# Dating A Seiko 7009-8028



## thorpey69

have just bought what looks to be a mint seiko ,the numbers on it are 7009-8028,is there a standard dating procedure on seikos or did they chop and change with model numbers randomly? thanks in advance


----------



## deano42

thorpey69 said:


> have just bought what looks to be a mint seiko ,the numbers on it are 7009-8028,is there a standard dating procedure on seikos or did they chop and change with model numbers randomly? thanks in advance


Have a look for a 6 or 7 digit number

The Seiko production calculator is based on the following criteria:

1. The first digit represents the year made

2. The second digit represents the month made

3. The remaining digits is the serial number

The only thing you have to do is know what decade that watch was made.

The following is an example of your watches:

1) 532294

Year made, could be 85 or 95 or 2005 (actually 2005 in this case)

Month made is March

2) 953254

Year made, could be 89 or 99

Month made is May

One other thing the months are

1 - Jan

2 - Feb

3 - Mar

4 - Apr

5 - May

6 - Jun

7 - Jul

8 - Aug

9 - Sep

O - Oct

N - Nov

D - Dec

Thanks

deano


----------



## pg tips

there should be a 6 digit number as well 1st 2 digits are the date code 1st digit is the year and second the month

ie 123456 would be 19?1 February

O N D are used for Oct Nov dec in the second digit.

The reason there is a ? is because it could be 61, 71, 81 etc you have to know what the production dates for the movement were or take an educated guess.

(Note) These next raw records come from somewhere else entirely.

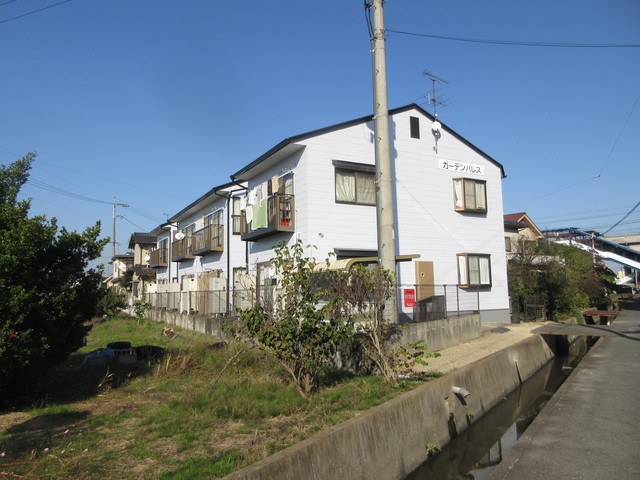 岡山市南区植松のアパートの建物外観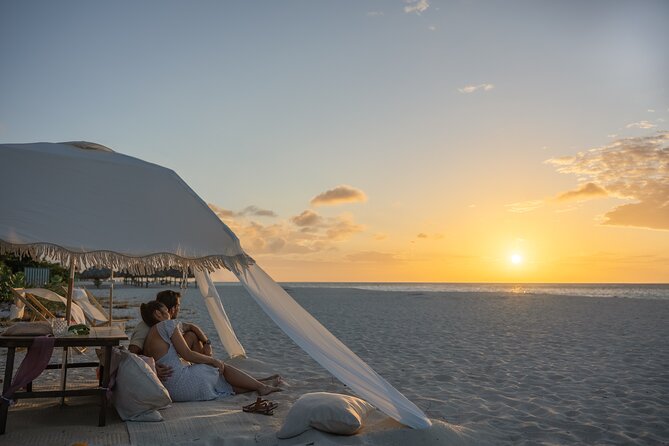 Aruba Eagle Beach Romantic Sunset Picnic in a Luxury Cabana - Eagle Beach sunset, but private and properly set up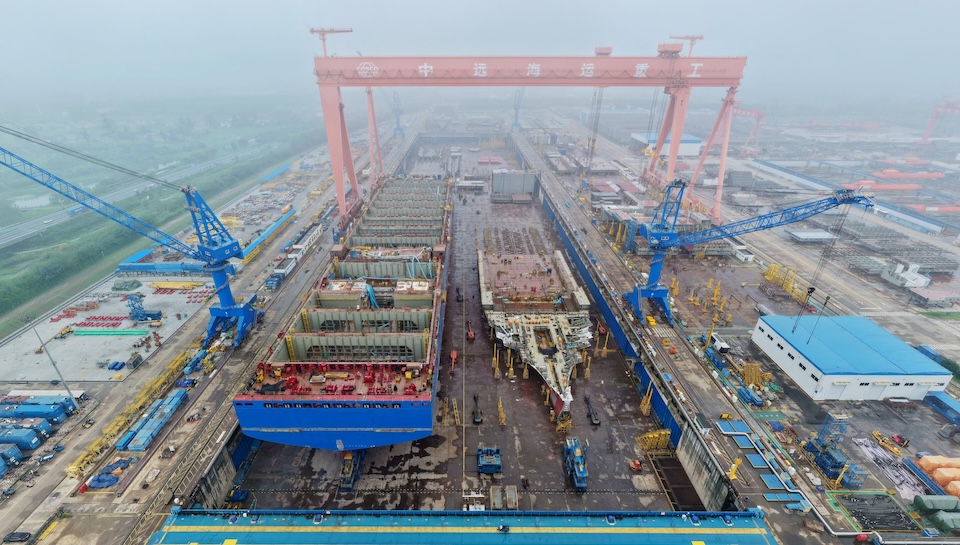 La naviera china COSCO recolecta inteligencia para Pekín con equipos ocultos, según funcionarios de EEUU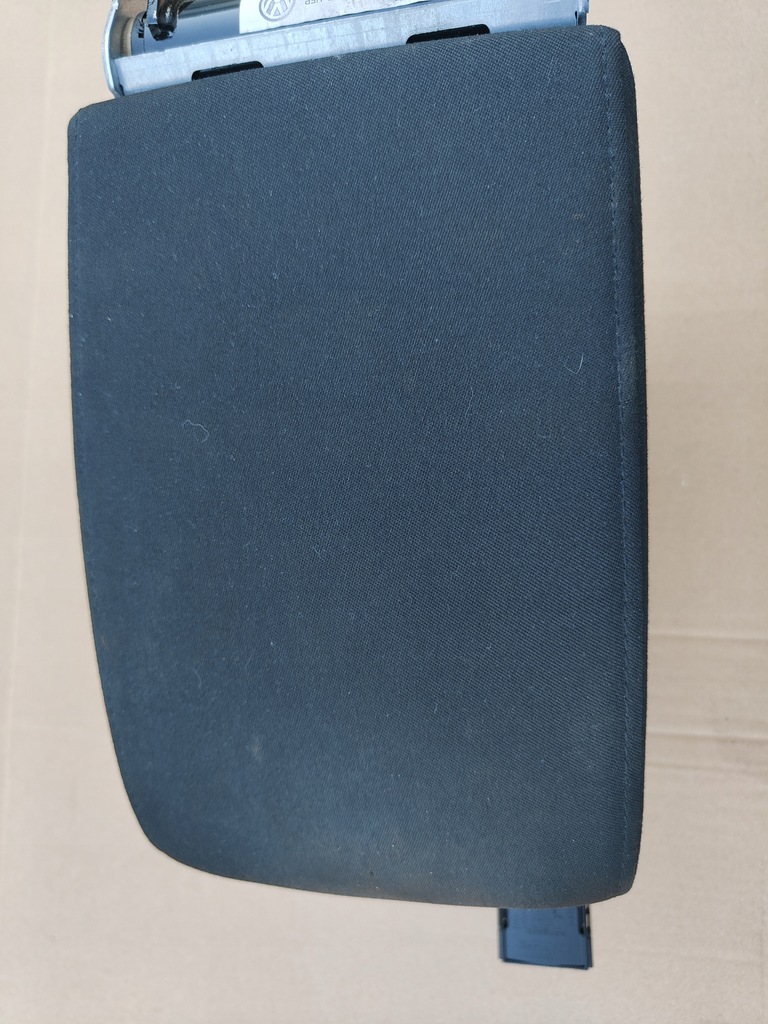 фото №4, Підлокітник велюр vw golf vi 6 plus 09-13r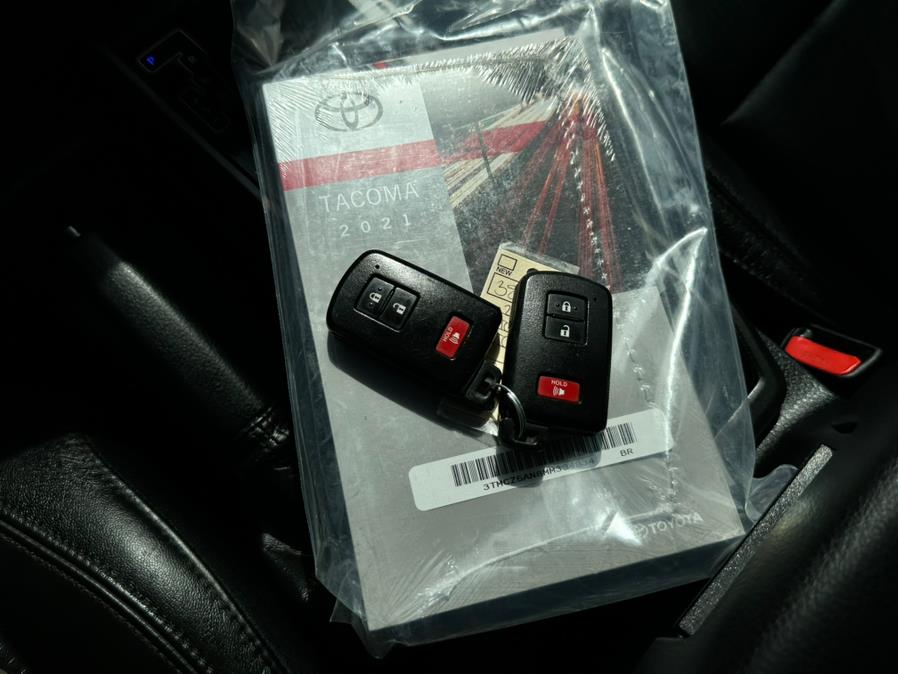 2021 Toyota Tacoma 4WD TRD Off Road Double Cab 5'' Bed V6 AT (Natl), available for sale in Hillside, New Jersey | Champion Auto Hillside. Hillside, New Jersey 2021 Toyota Tacoma 4WD TRD Off Road Double Cab 5'' Bed V6 AT (Natl), available for sale in Hillside, New Jersey | Champion Auto Hillside. Hillside, New Jersey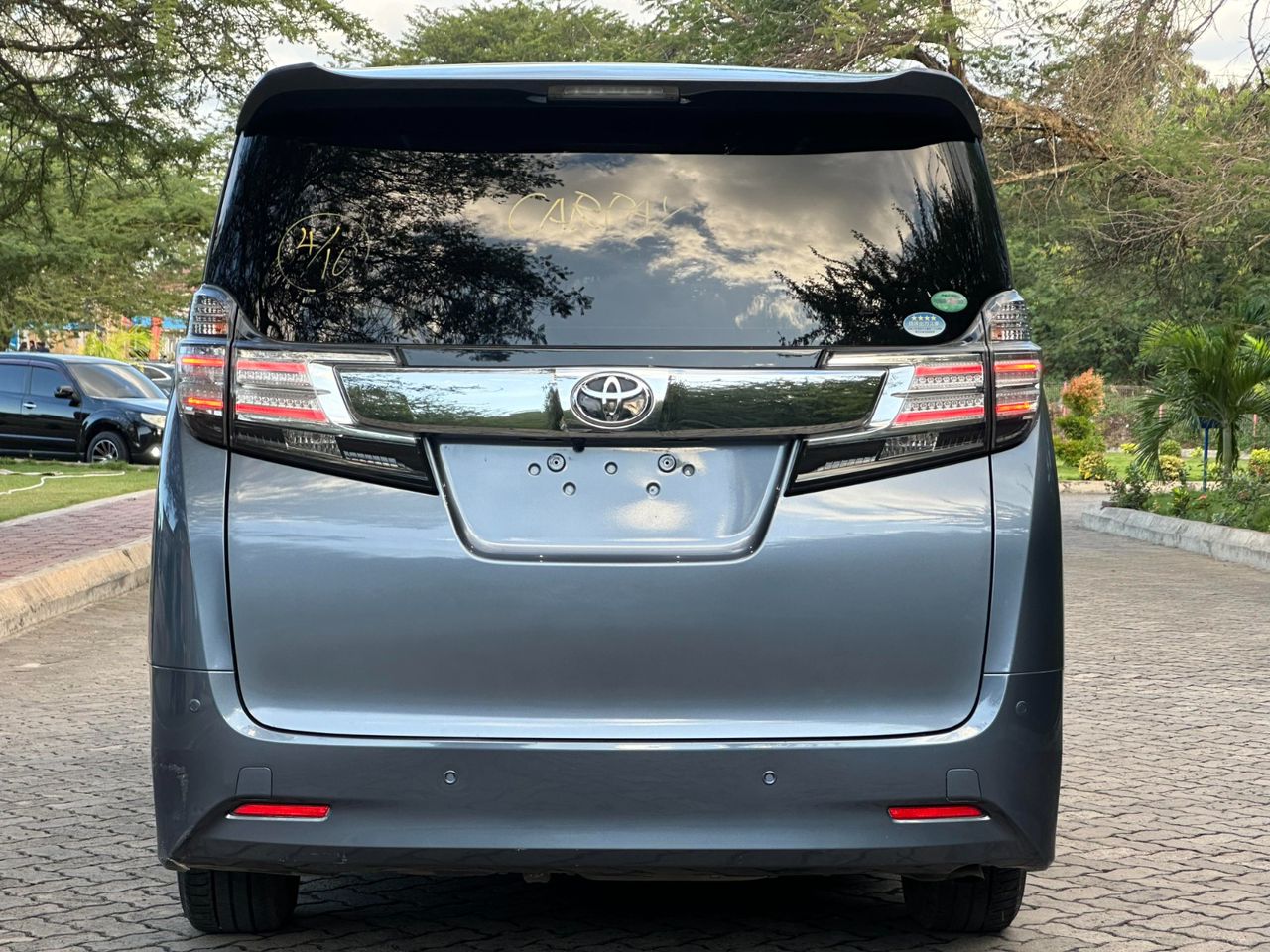VELLFIRE thumbnail 2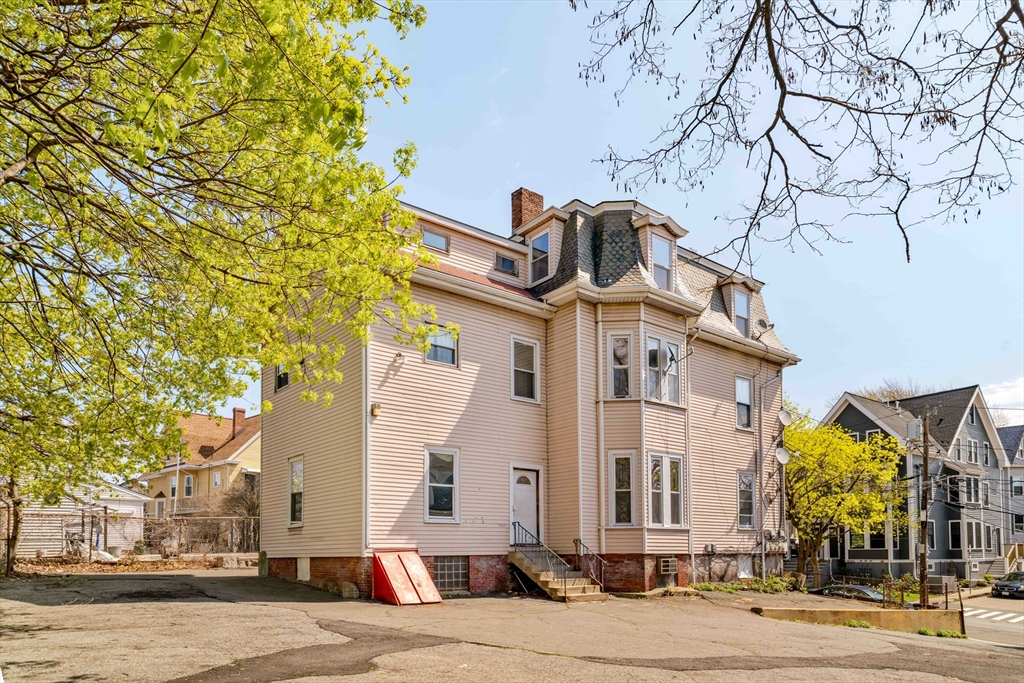 34 Pinckney St
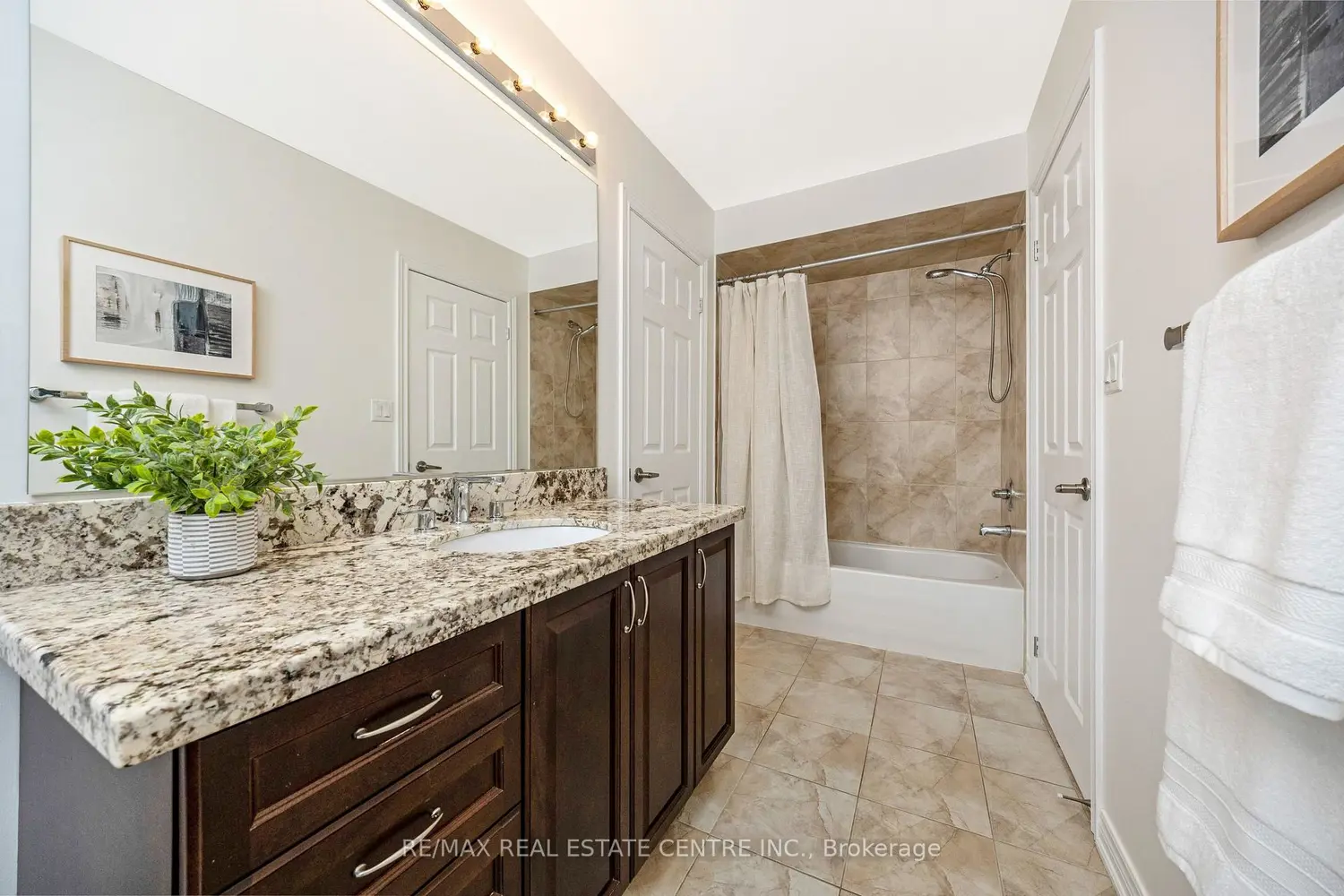 Additional image 6 of 3168 Watercliffe Court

Here is a link which will make things a bit clearer although the 7009 movement isn't in their list

http://www.ittc.ku.edu/~jgauch/watch/seiko.html


----------



## thorpey69

how long has the 7009 movement been in production or should i say from when?? thanks for the info so far very interesting


















heres the watch in question


----------



## pg tips

that does look clean thorpey, nice one, I've no idea of the production dates but looking at yours it looks early 80's to me?


----------



## thorpey69

thanks pg,hoping its as good in the flesh as in the pics,really like the clean no frills look of this watch.


----------



## Pjam

I've just got this one and if I understand correctly it was made in either 1971, 1981, 1991 or 2001. (serial number is 101244) movement is 7009 and case 8580-P. My guess is it's 1981 but am I right? or would 1991 be a better guess?


----------



## jasonm

No, I think you've probably got it right....


----------



## Pjam

Really got to love these Seiko 5's ................ I think they could become an obsession!!!


----------